▸ **GOAL OF THE EXERCISE**: Give back an exact copy of the entries beneath, minus the pictures.

··· DATASET RECORDS

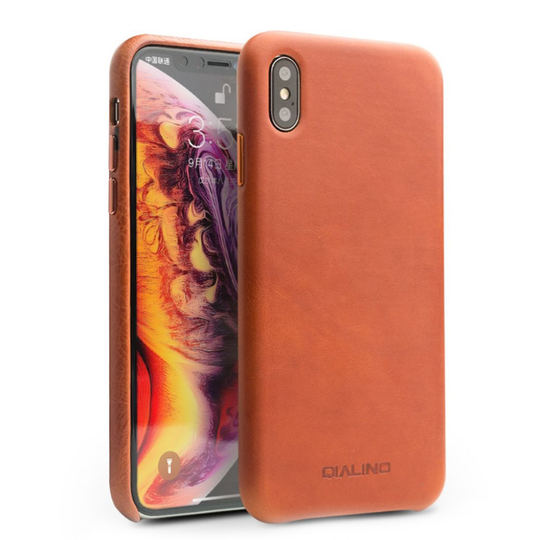 iPhone Xs Max QIALINO aito nahkainen kova muovinen takasuoja kuori - Ruskea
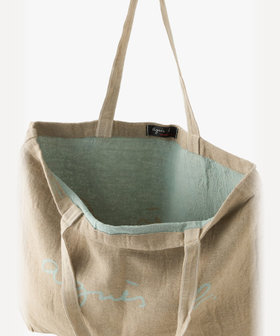 FEMME ウィメンズ ロゴ リネン コットン キャンバス トートバッグ "Cyril" ブルー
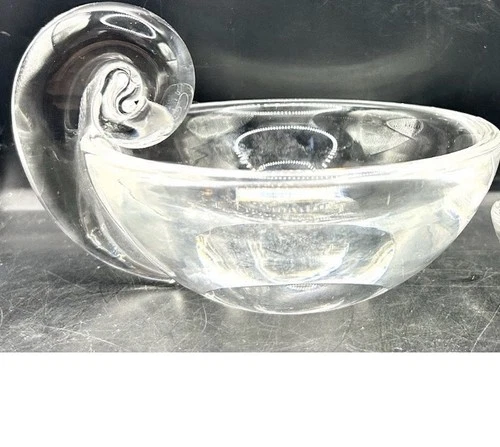 Steuben Signed Snail Handle Clear Glass Bowl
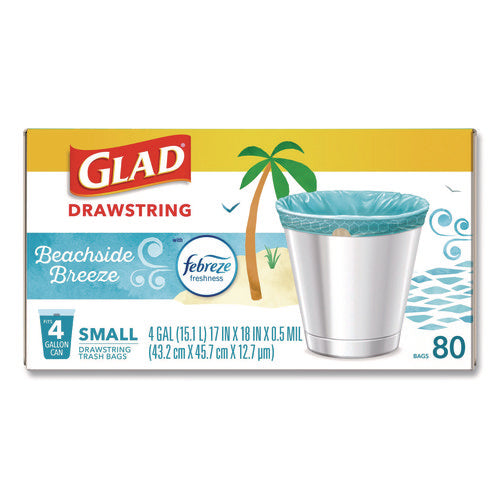 Image of Glad® OdorShield Small Drawstring Trash Bags, 4 gal, Beachside Breeze Scent, 0.5 mil, 18" x 17", Blue, 80/Box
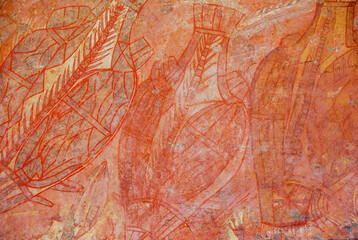 Close up view of 30,000 year old Aboriginal rock paintings of fish catch at Ubirr rock art site in Kakadu National Park, Northern Territory, Australia © Sonja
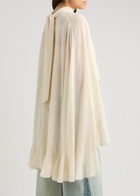Chloe Ruffled Cape-effect Silk-georgette top White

······

▸ **TASK OUTPUT**:
 iPhone Xs Max QIALINO aito nahkainen kova muovinen takasuoja kuori - Ruskea
 FEMME ウィメンズ ロゴ リネン コットン キャンバス トートバッグ "Cyril" ブルー
 Steuben Signed Snail Handle Clear Glass Bowl
 Image of Glad® OdorShield Small Drawstring Trash Bags, 4 gal, Beachside Breeze Scent, 0.5 mil, 18" x 17", Blue, 80/Box
 Close up view of 30,000 year old Aboriginal rock paintings of fish catch at Ubirr rock art site in Kakadu National Park, Northern Territory, Australia © Sonja
Chloe Ruffled Cape-effect Silk-georgette top White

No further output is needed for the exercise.